September 24th, 2009, 01:26 PM
Awk RS trouble
I'm currently to adapt a script to parse through our mail servers' mailq output to display various stats, but one server is giving me some troublesome output that is difficult to parse with awk.
On the other servers I've been working on there is an extra newline between each record that's much easier to catch, but this has proven to be much more difficult.
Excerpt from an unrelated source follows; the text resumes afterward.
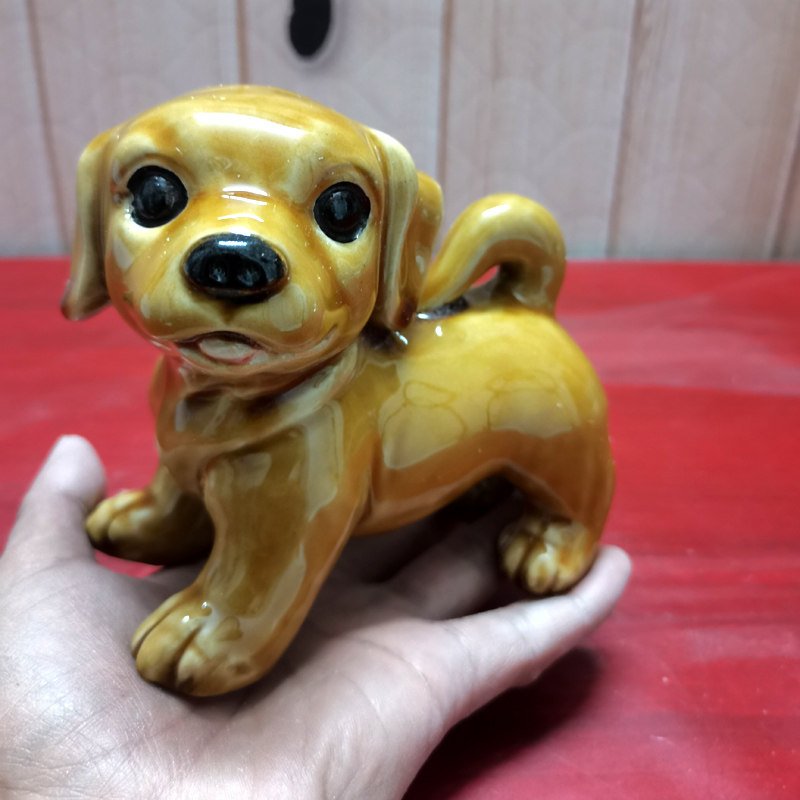 陶瓷生肖小狗招财摆件旺财萌萌可爱黄狗家居饰品客厅摆设儿童礼品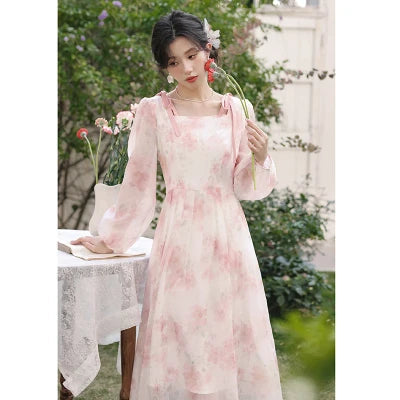 Party Long Dresses Spring Fairycore Dress Pink Bow Laceup French Style Square Neck Fairy Dresses Female Cloting New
I've run the output through hexdump hoping there might be an extra CR character I can latch on to, but it's purely \n with a \t stuck in the middle of the record on the second line.
23 Sep 2009 22:09:31 GMT #26200266 3106535 <email@example.com>
23 Sep 2009 12:53:56 GMT #26201531 1616 <>
24 Sep 2009 01:51:22 GMT #26200795 2862 <firstname.lastname@example.org>
I would be very appreciative if someone could help me out with a proper RS to chunk this down into the correct, bite-sized pieces.
October 4th, 2009, 02:33 PM
A coworker suggested a different approach to the problem, where I should just replace the occurences of \n\t with something else to put all the info for each record on one line, and go from there.
Naturally I looked into sed and/or tr, but I'm having far too much trouble catching the newline with a sed expression, and tr replaces \n and \t separately, as opposed to as one entity.
Ideally I'd like to use:but for some reason the escape sequences do not seem to work as expected.
I've moved on to a backquoted printf to insert the literal characters into the expression:
which does work to catch the tab charater, but ignores the newline.
sed "`printf 's/\\\n\t/X/g'`"
I've realized that this is most likely due to sed's behaviour of reading input one line at a time, without the newline. While I can see this potentially causing a memory issue, is it at all possible to get sed to read the input all in one go, as opposed to line by line?
I am open to other lines of thought as well, should anyone have another method in mind.